Home
- Overview
- Installation
- Geometry optimization
- Step 1: Structure Generation
- Step 2: Setting Up Your Input Files
- Step 3: Setting up the submit script and submitting jobs to the queue
- Step 4: Viewing your output file
- Running a growing string calculation
- General overview of the DE-GSM and SE-GSM
- Getting started
- Double-ended Growing String Method (DE-GSM)
- Single-ended Growing String Method (SE-GSM)
- Managing QSub Files for DE-GSM/SE-GSM
- Analyzing Output
- Advanced Options
- Troubleshooting and FAQS
- References
- External links
The Growing String Method (GSM) is a reaction path (RP) and transition state (TS) finding method that develops a RP by iteratively adding new nodes (each node is a chemical structure along the RP) and optimizing them until a complete RP with a TS and a stable intermediate on each side of the string are present. The string is represented by a discretized set of structures along the RP connecting the reactant and product geometries (nodes) and its formation can be initiated from a single initial geometry (single ended-GSM) or a pair of initial and final structures (double ended-GSM). By incremental addition of new nodes, GSM rapidly leads to a reasonably well converged RP since it avoids placing nodes at high-energy regions of the potential energy surface. GSM has been shown to outperform competing chain-of-states methods that generate and place all the nodes at once because it avoids optimization of high-energy structures in the middle of the RP.
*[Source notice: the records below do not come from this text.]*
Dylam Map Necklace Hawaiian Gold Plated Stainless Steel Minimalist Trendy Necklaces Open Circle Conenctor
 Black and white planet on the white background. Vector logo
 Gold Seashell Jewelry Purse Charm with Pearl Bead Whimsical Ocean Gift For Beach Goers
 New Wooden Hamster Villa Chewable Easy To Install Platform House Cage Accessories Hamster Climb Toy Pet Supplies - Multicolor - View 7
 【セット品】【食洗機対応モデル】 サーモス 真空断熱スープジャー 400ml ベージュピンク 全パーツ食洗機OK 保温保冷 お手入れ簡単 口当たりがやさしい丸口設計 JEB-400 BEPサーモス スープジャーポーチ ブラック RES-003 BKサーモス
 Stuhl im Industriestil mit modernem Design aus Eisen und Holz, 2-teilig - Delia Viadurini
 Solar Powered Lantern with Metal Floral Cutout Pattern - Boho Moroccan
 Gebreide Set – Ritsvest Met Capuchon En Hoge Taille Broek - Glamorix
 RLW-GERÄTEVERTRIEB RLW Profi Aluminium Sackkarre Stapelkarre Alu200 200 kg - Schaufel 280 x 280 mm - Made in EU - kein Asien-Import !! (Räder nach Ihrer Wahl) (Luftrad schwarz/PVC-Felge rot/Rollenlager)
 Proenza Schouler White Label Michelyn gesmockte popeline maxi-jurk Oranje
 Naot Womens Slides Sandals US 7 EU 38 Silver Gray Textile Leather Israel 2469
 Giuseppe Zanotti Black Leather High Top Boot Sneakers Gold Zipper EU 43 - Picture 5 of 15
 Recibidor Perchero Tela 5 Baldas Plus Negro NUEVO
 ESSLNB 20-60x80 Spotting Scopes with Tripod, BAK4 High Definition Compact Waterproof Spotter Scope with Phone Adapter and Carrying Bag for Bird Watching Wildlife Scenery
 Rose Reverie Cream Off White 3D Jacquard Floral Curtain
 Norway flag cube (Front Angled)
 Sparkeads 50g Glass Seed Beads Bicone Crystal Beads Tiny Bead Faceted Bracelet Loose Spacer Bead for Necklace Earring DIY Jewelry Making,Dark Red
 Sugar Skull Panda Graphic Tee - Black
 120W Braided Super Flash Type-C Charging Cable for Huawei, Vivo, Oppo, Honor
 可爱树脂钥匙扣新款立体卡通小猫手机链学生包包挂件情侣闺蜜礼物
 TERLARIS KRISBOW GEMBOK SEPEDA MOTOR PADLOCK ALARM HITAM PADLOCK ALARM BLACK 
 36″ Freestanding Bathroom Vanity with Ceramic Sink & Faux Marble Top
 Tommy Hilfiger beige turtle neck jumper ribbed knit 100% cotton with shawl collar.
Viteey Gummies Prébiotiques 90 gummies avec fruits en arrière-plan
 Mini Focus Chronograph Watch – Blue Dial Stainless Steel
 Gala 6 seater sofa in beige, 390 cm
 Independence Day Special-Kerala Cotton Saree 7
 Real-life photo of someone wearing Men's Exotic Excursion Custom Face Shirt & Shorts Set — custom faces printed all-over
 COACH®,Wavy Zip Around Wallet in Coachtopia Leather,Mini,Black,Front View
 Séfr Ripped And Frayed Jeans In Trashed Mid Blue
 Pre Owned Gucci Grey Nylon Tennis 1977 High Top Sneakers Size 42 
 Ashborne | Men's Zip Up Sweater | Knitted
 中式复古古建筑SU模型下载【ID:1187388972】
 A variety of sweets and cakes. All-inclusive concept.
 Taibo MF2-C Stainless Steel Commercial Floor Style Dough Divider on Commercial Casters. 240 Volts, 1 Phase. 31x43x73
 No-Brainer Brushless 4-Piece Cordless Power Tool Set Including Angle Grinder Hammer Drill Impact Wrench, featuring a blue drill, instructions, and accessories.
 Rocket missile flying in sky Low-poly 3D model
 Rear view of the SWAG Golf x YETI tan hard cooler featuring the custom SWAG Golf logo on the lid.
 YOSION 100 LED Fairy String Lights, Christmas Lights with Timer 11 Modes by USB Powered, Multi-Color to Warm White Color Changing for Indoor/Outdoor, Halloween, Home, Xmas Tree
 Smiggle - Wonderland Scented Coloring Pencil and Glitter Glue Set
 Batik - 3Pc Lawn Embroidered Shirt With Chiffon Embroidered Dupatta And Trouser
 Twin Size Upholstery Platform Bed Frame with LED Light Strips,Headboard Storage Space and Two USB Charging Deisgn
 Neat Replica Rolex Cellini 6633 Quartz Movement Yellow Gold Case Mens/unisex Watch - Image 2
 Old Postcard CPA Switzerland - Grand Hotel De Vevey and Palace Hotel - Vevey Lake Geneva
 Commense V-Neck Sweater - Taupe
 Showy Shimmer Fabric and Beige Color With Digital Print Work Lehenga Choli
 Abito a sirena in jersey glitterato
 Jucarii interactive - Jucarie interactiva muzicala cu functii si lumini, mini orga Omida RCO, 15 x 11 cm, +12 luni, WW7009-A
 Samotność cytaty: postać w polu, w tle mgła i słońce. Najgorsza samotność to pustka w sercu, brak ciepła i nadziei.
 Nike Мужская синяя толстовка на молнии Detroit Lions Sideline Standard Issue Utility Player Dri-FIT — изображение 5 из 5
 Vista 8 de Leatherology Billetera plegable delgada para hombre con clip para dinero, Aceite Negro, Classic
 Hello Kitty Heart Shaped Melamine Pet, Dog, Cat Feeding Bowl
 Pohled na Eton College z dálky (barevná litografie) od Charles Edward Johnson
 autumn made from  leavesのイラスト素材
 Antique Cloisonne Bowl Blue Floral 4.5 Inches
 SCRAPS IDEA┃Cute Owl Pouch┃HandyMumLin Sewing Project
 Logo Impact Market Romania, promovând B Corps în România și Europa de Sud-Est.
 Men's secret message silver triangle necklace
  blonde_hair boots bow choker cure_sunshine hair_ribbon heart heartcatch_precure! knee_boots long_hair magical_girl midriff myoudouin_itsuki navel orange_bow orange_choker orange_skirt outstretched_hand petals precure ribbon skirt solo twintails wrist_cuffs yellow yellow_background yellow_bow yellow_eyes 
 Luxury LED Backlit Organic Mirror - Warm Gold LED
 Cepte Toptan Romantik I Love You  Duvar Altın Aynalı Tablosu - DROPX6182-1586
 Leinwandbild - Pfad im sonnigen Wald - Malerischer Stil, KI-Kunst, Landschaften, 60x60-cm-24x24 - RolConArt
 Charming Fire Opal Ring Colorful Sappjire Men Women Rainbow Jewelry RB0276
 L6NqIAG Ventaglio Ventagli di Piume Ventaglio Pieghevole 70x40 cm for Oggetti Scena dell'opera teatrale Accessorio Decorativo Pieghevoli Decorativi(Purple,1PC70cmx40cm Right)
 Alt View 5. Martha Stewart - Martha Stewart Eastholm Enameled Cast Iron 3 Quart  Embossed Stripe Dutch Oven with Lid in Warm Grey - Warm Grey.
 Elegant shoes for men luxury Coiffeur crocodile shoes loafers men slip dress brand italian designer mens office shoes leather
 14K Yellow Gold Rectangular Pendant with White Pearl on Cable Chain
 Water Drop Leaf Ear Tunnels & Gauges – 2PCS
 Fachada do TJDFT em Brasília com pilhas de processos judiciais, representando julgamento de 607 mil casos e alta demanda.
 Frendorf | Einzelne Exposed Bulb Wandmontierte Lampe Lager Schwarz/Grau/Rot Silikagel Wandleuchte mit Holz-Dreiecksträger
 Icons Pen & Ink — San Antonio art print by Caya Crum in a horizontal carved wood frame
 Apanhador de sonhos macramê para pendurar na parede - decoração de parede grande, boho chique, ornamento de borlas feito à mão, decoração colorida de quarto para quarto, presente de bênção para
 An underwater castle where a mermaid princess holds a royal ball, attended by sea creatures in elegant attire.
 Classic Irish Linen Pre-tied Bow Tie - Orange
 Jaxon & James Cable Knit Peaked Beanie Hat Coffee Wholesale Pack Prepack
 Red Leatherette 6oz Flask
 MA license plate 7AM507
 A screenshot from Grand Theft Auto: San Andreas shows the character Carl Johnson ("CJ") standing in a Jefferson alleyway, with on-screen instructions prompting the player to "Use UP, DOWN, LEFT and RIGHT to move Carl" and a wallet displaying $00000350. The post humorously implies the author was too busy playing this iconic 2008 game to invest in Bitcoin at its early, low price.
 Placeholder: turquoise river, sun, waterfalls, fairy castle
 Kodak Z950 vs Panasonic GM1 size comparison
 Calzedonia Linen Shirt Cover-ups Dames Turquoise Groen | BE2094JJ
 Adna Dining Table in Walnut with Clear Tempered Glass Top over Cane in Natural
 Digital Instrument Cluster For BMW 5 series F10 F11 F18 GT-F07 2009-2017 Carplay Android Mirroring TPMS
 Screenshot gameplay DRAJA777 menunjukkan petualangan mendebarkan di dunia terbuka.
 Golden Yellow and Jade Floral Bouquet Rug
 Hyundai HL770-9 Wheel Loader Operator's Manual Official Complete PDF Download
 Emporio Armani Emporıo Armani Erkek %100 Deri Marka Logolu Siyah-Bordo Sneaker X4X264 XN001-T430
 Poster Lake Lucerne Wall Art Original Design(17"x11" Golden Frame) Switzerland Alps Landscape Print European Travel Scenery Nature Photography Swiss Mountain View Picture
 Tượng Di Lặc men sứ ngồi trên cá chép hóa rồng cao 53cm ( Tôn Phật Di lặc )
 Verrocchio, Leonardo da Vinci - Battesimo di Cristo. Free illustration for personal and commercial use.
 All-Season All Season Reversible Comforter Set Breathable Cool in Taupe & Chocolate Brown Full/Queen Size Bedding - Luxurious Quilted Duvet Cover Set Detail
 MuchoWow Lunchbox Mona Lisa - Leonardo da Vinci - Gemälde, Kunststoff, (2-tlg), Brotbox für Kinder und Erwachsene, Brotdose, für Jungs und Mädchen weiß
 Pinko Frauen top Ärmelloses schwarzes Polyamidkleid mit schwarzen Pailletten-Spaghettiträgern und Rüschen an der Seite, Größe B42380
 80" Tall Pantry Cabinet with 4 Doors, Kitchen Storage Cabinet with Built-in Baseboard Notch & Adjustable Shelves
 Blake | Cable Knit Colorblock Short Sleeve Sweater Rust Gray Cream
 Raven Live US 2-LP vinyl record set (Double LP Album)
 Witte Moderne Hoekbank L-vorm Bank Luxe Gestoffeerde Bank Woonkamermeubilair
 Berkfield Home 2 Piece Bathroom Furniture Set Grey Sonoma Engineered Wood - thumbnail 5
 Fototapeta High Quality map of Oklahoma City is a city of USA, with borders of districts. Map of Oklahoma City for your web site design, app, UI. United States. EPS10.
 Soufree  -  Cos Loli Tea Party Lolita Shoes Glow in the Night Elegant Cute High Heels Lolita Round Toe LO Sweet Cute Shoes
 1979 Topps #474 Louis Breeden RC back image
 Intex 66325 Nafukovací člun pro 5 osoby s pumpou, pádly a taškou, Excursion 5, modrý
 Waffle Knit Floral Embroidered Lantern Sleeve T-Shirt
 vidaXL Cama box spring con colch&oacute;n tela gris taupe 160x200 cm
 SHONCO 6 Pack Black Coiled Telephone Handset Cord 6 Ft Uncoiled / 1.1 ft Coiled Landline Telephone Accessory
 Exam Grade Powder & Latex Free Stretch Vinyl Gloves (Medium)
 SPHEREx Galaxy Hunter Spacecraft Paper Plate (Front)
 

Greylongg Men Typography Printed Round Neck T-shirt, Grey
This method operates through three overall phases: growth, optimization, and exact TS search. The growth phase builds the string representing the RP by sequential node addition and optimization until a reasonably converged path is formed. When the string formation is complete, the optimization phase refines the RP, which also creates a guess-geometry for the exact TS search phase. At the last phase, a saddle point search follows the Hessian eigenvector of the TS node that most closely resembles the reaction path, resulting in a reliable TS optimization. In this phase, the non-TS nodes of the RP continue to be optimized, resulting in a simultaneous formation of the exact TS and minimum energy RP.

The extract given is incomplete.